The second part of any grammar rule are the homomorphic images of the rule label. Here we only have one interpretation - "i" - so we only have to list one image. "(?1,?2)" tells us that we interpret "r1(X,Y)" as "(interpretation(X),interpretation(Y))". What "*" means, is defined by the algebra we gave at the beginning of the file. Note that every label like "r1" should have the same homomorpic images throughout and it is best practice to simply use a unique label for every rule in your grammar. Note that the images used here are fairly simplistic, but you can see more complex examples in the advanced tutorials.

This concludes our first overview over what is in a grammar file. A more formal discussion can be found on the codec page.

Parsing from the GUI

The simplest way to get started with parsing via the GUI, which can be started by calling:

#!shell

java -jar <alto>.jar

This will bring up the GUI which looks something like this:

mainWindow.png

Now we can load the grammar:

load.png

which brings up a file loading dialogue in which you can select elephant.irtg. This brings up a window that shows you the grammar:

elephant.png

for now you can ignore the weights - we will come back to them later. Now we are at the point were we can parse a sentence:

parse.png

elephantPyjamas.png

After clicking O.k. in the last window, Alto will parse the sentence. In this case parsing means finding a new grammar that generates exactly that subset of the original RTG trees that could have been used to generate the input. The parsing result will look like this:

elephantChart.png

Which is just another IRTG. In order to look at the results, we can use the visualization capabilities of Alto. Simply select the show language option:

showLanguage.png

which brings up the language view:

elephantLanguage.png

Here you can see the RTG trees that could have generated your input. You can scroll through the different possibilities by typing different numbers into the field at the bottom or using the forward and backward buttons at the bottom. Maybe you want to also see how the given rule tree is connected to your input, an easy way of doing this is adding another view:

addView.png

which add the term and value of the parse tree you are currently viewing:

sideBySide.png

If you want to store your parsing results for later, simply go back to the window with the results and save them:

saveElephant.png

simply write the grammar to a file and you can load it later the same way we read the grammar with which we parsed.

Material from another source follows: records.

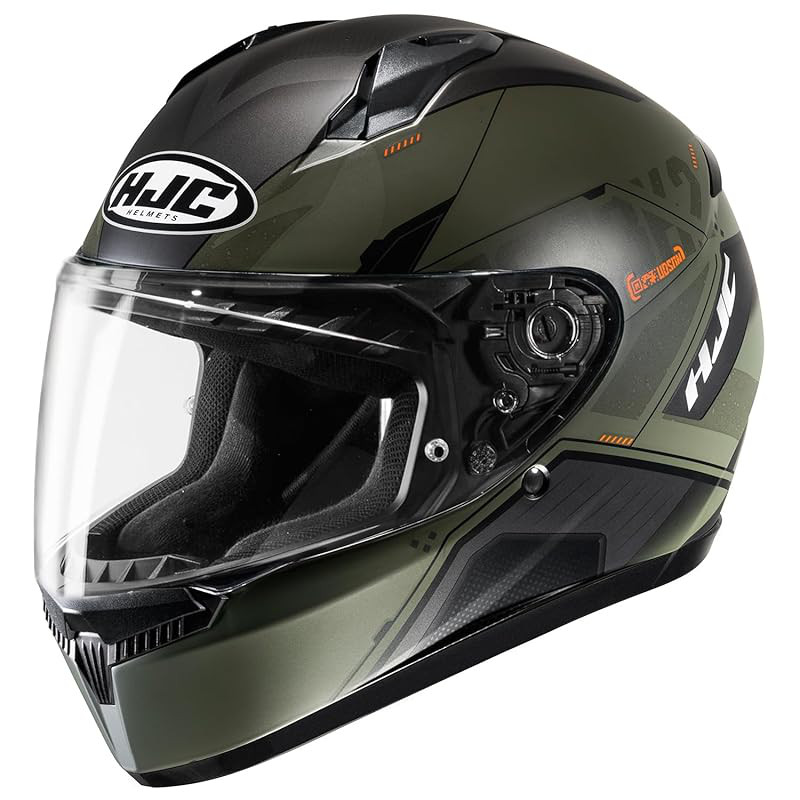 HJC Full Face Motorcycle Helmet with Ventilation, Removable Liner, C10 ...
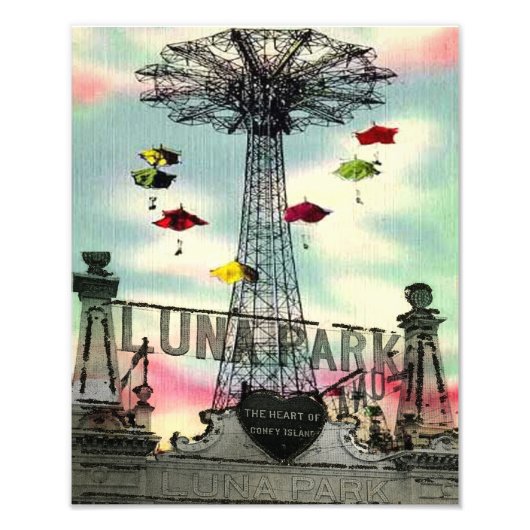Coney Island Luna Park Foto Afdruk (Voorkant)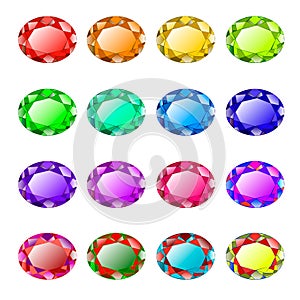 Colored faceted stones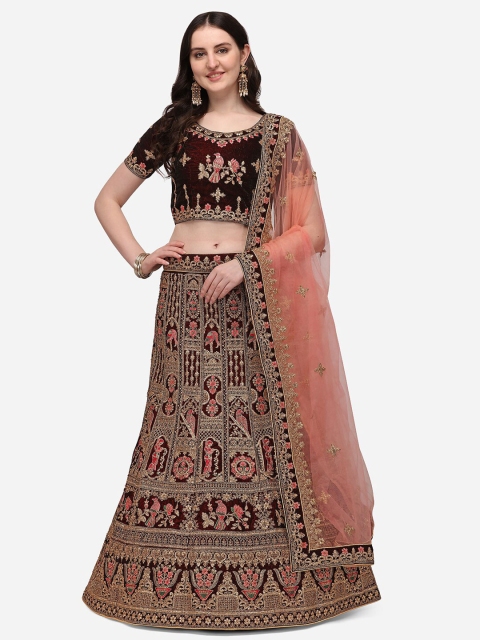 

Netram Maroon & Coral Embroidered Semi-Stitched Lehenga & Unstitched Blouse With Dupatta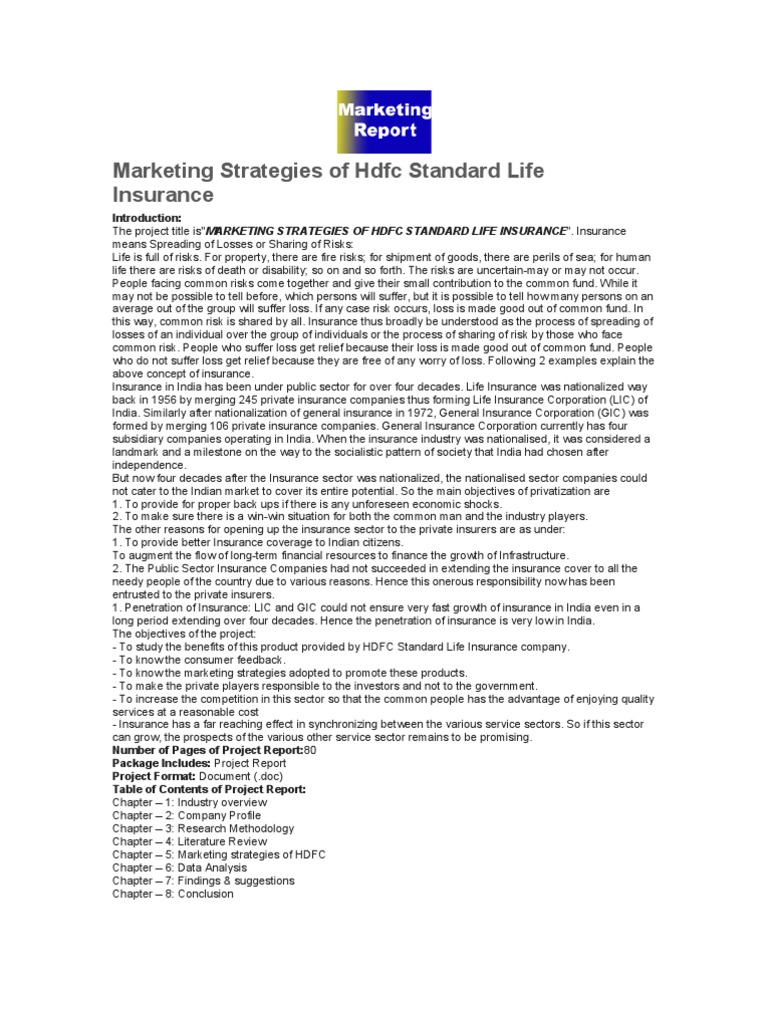 Marketing Strategies of HDFC Standard Life Insurance PDF Insurance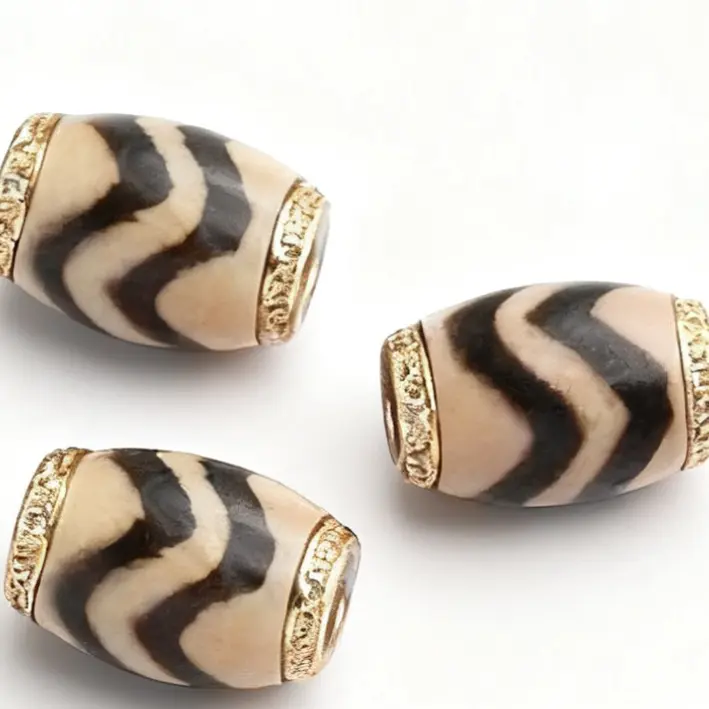 牙黄料双虎牙长桶珠8*11mm镶嵌款，文玩顶珠腰珠配珠配饰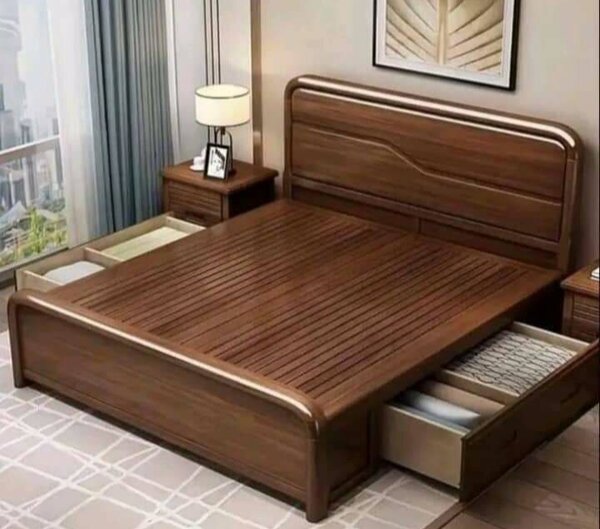 Lit en bois avec rangement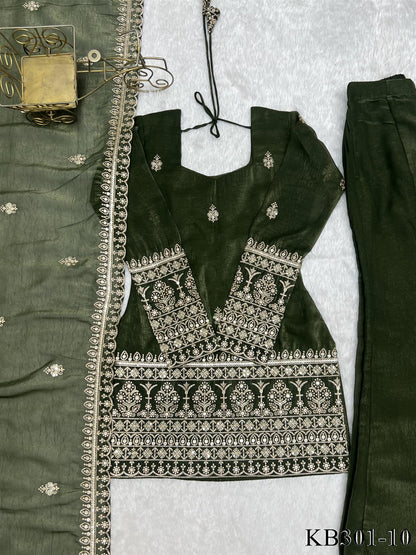 Premium Crunchy Silk Embroidered Bell Bottom Suit Set With Dupatta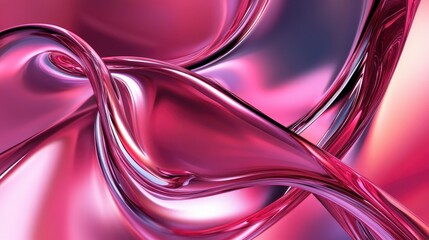 Poster - Intertwined metallic pink curves create a striking close up abstract design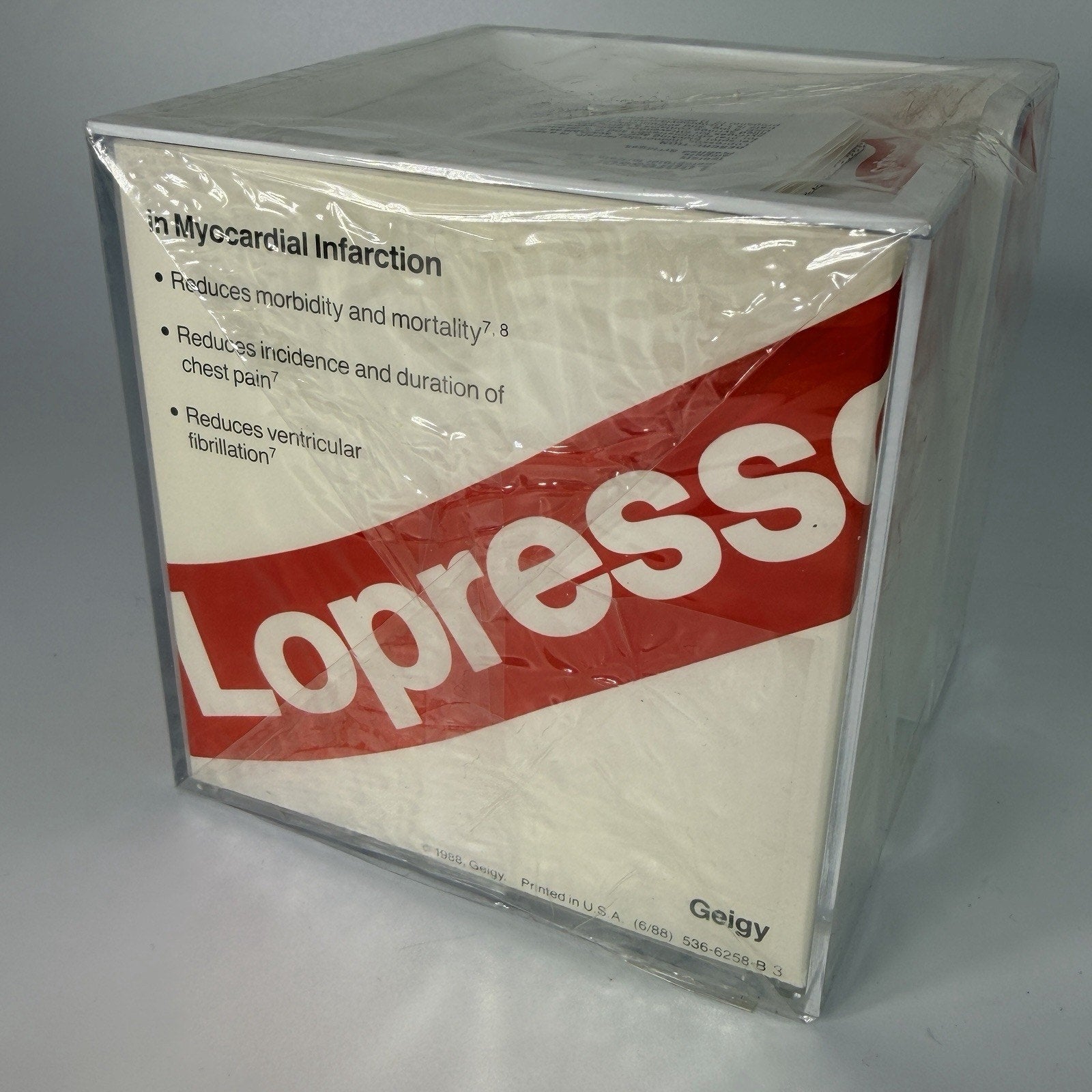 Vintage Pharm Rep Drug Lopressor Paper Note Cube Holder Metoprolol NEW 1988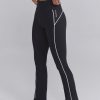 Soft Active Contrast-Trim Flared Trousers in Black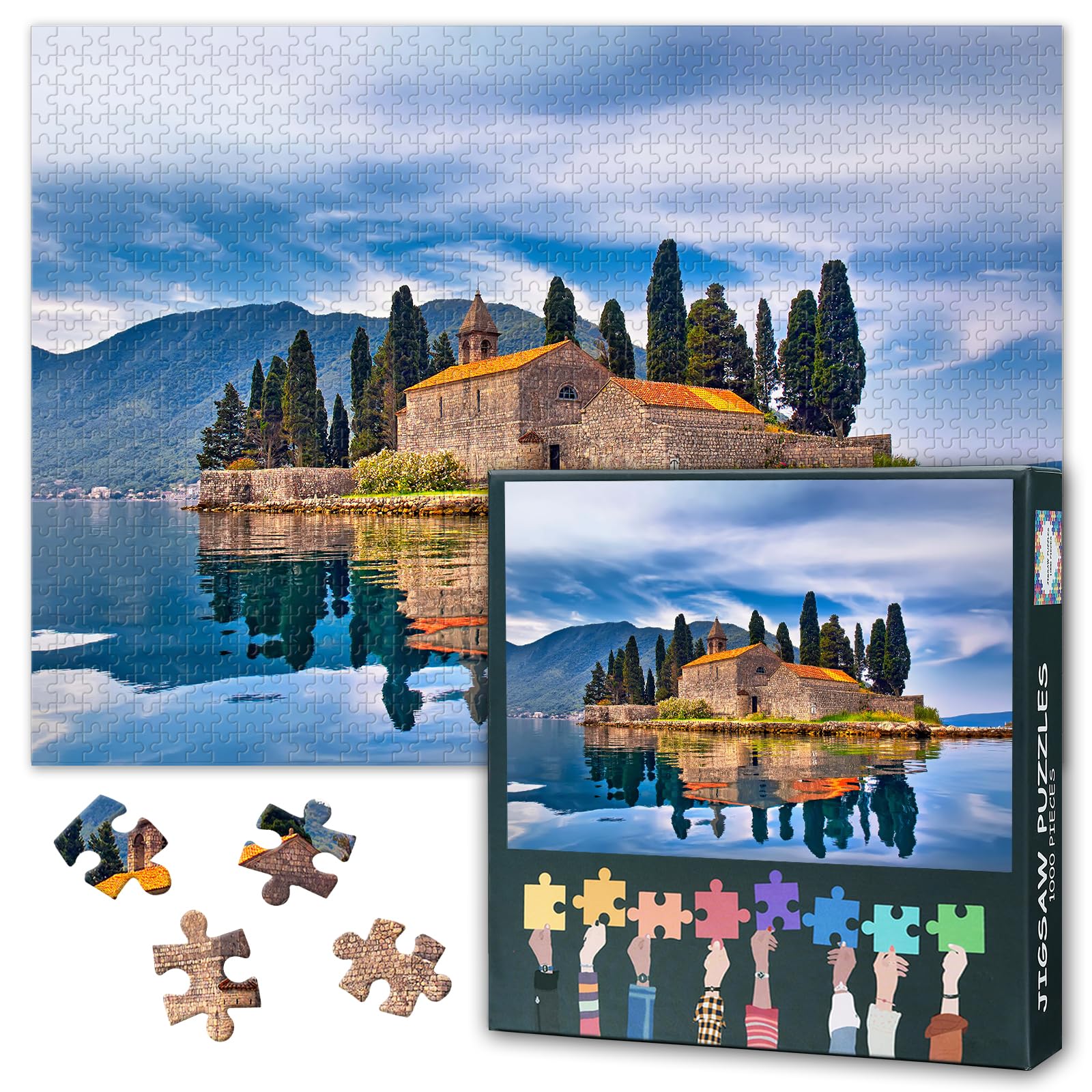 Jigsaw Puzzles for Adults 1000 Montenegro Lake Landscape, Difficult Challenging Puzzles for Adults Europe Art, Family Educational Game & Unique Living Room Decor Gift (27.5"x19.7")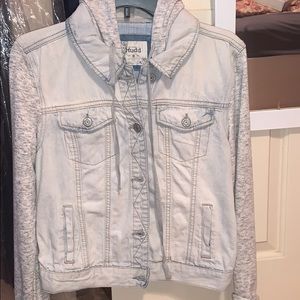 Light Wash Denim Jacket with Hood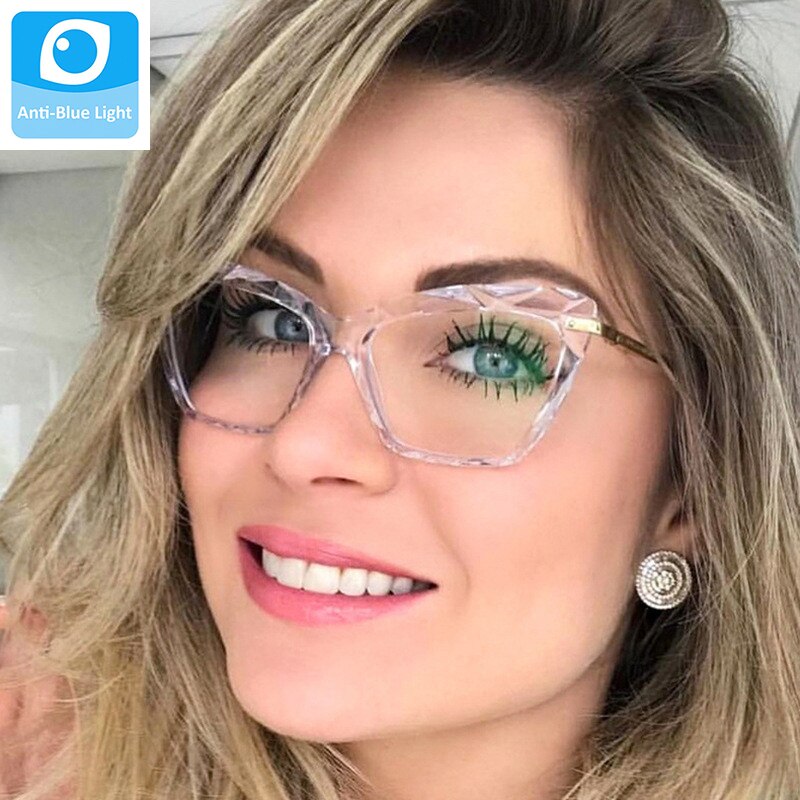 Anti-blauw licht bril dames cat eye bril montuur dames cat eye bril montuur heldere lens bril oculair zonnebril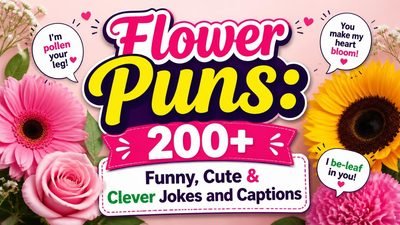 Flower puns graphic featuring funny flower jokes, cute floral wordplay, and clever captions.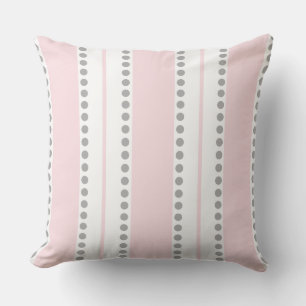 Pale Pink Light Grey White Polka Dots Stripes   Cushion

If you want to achieve more or less the same by using Alto directly from your code, you should have a look at the parsing page.

Using Weights

The current grammar does not express any preferences concerning which rule tree should be picked from among the different options. If we want to encode some simple preferences, we can do so by using weights for rules. They will combine to give the weight of complete trees and we can prefer trees that have a higher weight.

Weights in the Grammar

Among the examples, there is one that extends the "elephant.irtg" grammar we have been using so far with weights. It is appropriately called "elephant-weighted.irtg". If you open this grammar you will see that the rules are written with additional weights assigned to them:

#!

S! -> r1(NP,VP)         [1.0]
  [i] *(?1,?2)

NP -> r2                [0.3]
  [i] john

In this case the weights are intended as probabilities, so there is a 100% probability that a derivation from "S" uses the first rule, but only a 30% chance that a derivation from "NP" uses the second rule. In general you are not limited to probabilities and the numbers in the brackets may be any floating point numbers.